Caption-style text data:
------------------------------------
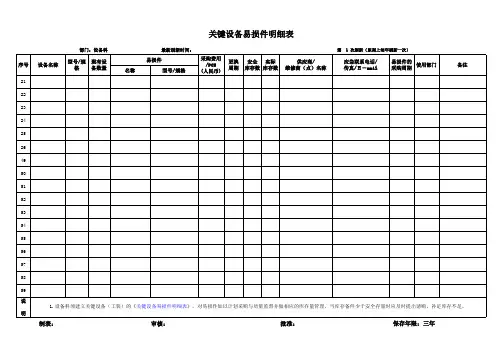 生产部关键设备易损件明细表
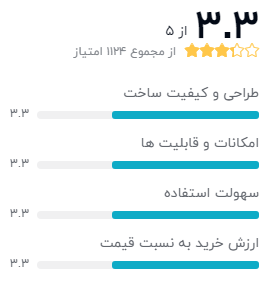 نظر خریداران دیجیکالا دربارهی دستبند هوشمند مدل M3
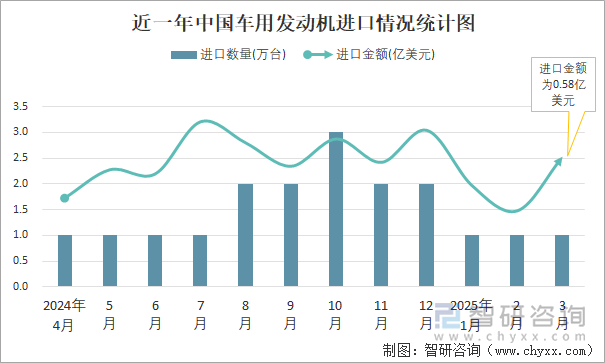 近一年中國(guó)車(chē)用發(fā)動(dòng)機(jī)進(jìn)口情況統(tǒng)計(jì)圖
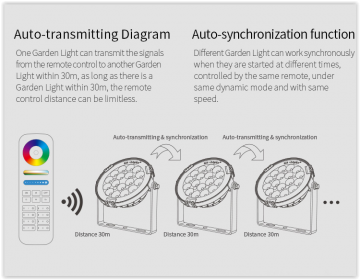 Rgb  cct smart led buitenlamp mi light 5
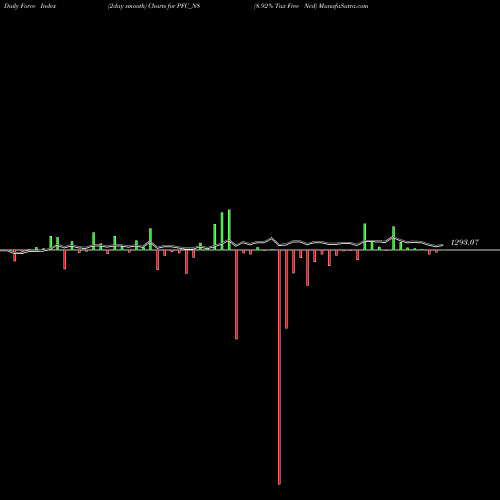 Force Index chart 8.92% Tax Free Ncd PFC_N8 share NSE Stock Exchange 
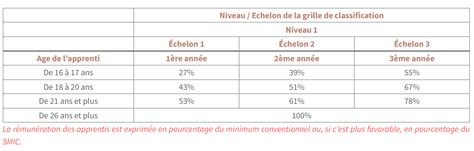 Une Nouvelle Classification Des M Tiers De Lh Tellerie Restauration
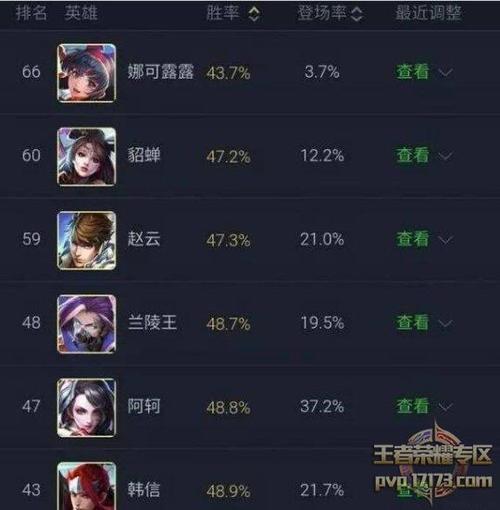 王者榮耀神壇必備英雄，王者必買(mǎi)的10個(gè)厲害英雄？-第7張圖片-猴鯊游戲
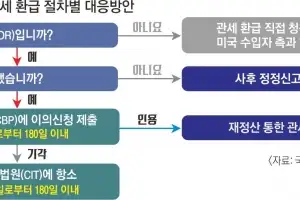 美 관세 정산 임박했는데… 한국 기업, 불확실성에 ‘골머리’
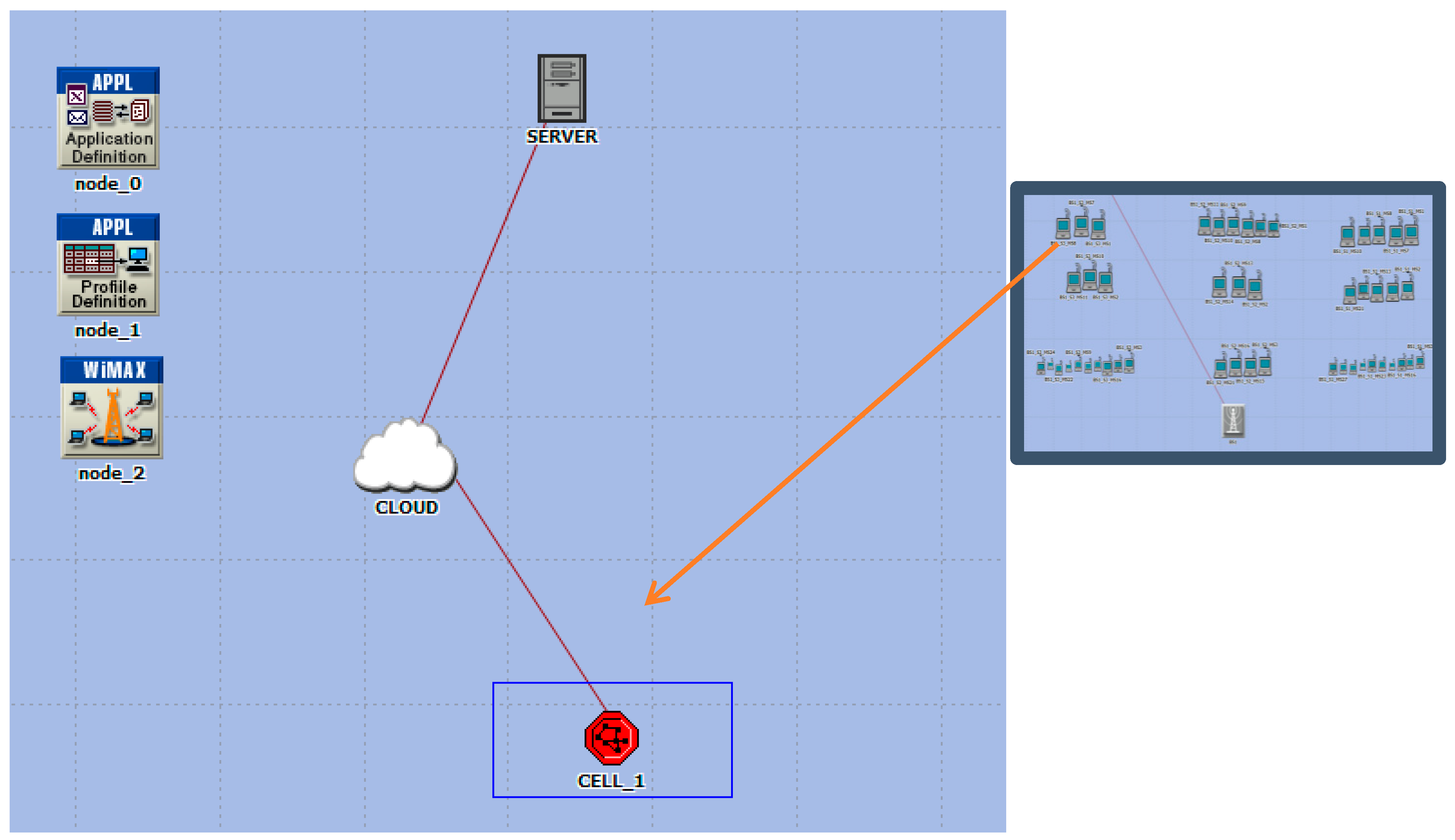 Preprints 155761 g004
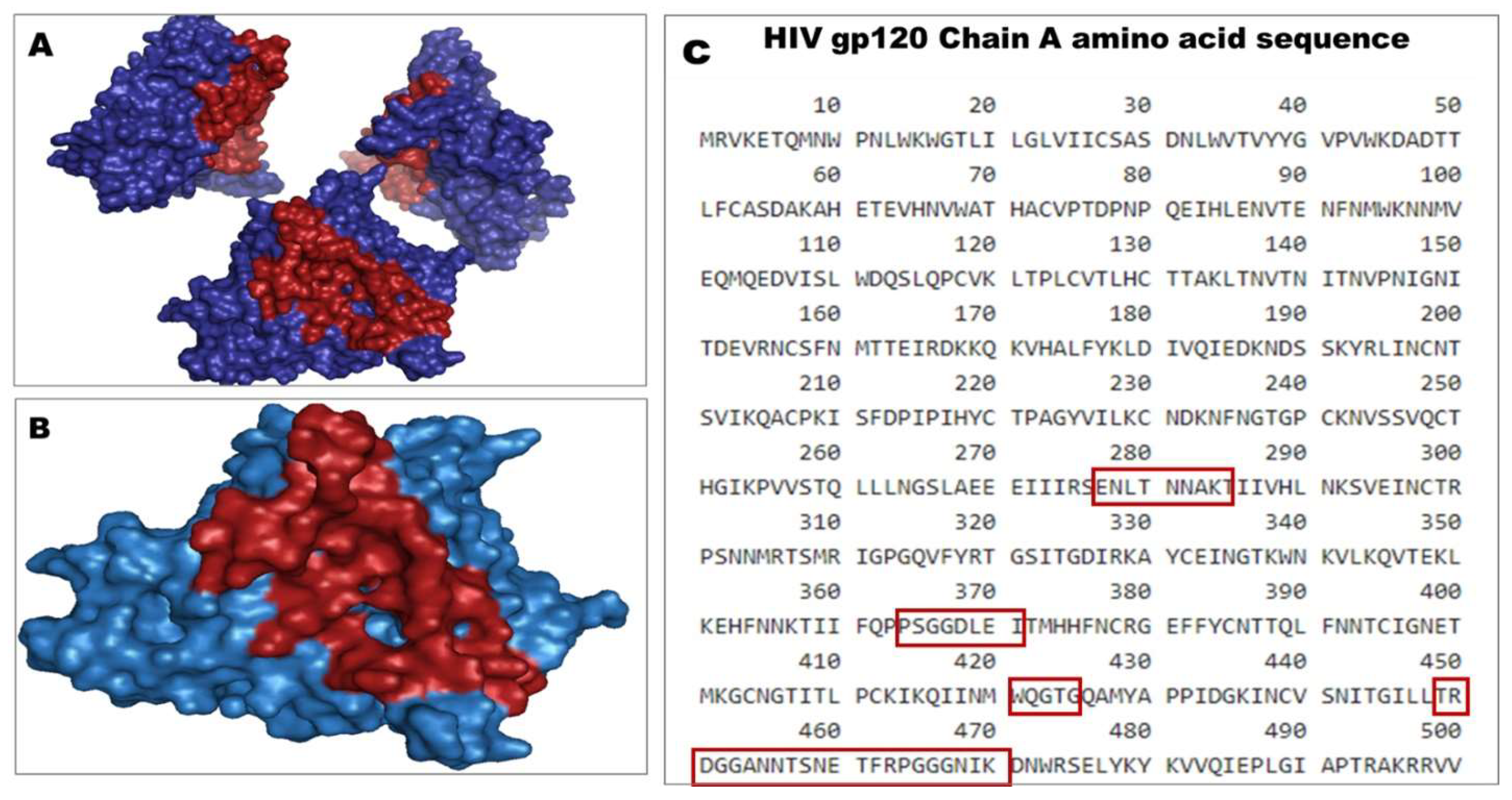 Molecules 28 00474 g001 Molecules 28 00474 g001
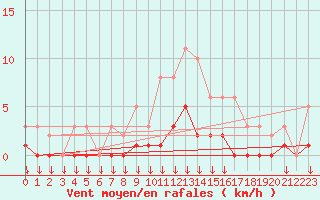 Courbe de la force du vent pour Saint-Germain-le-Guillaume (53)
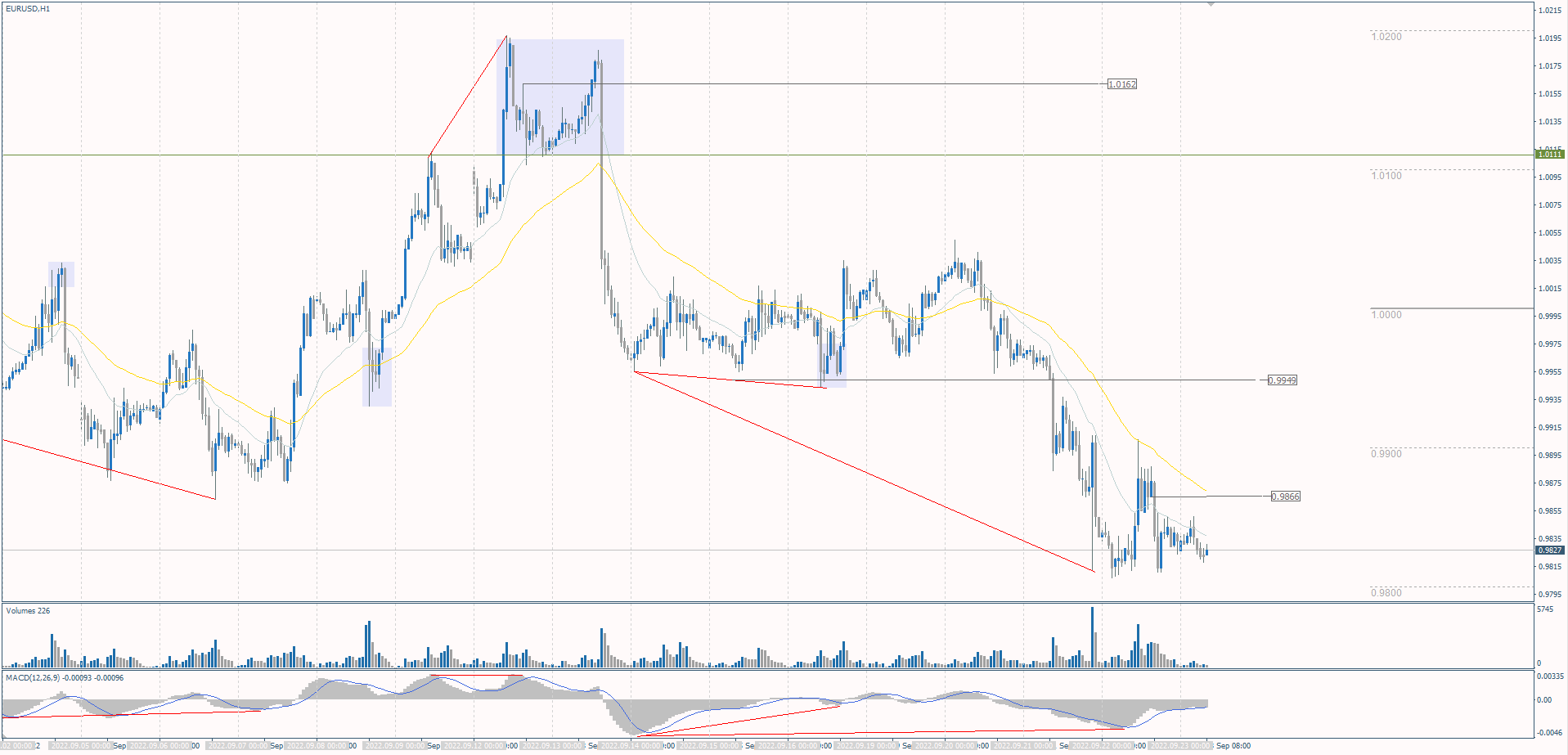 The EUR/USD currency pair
------------------------------------
Task item
Each line from the one that holds "近一年中國(guó)車(ch" through the final line of the data must be retyped exactly; the pictures must not appear.

Finished exercise
 近一年中國(guó)車(chē)用發(fā)動(dòng)機(jī)進(jìn)口情況統(tǒng)計(jì)圖
 Rgb  cct smart led buitenlamp mi light 5
 Force Index chart 8.92% Tax Free Ncd PFC_N8 share NSE Stock Exchange 
 Une Nouvelle Classification Des M Tiers De Lh Tellerie Restauration
 王者榮耀神壇必備英雄，王者必買(mǎi)的10個(gè)厲害英雄？-第7張圖片-猴鯊游戲
 美 관세 정산 임박했는데… 한국 기업, 불확실성에 ‘골머리’
 Preprints 155761 g004
 Molecules 28 00474 g001 Molecules 28 00474 g001
 Courbe de la force du vent pour Saint-Germain-le-Guillaume (53)
 The EUR/USD currency pair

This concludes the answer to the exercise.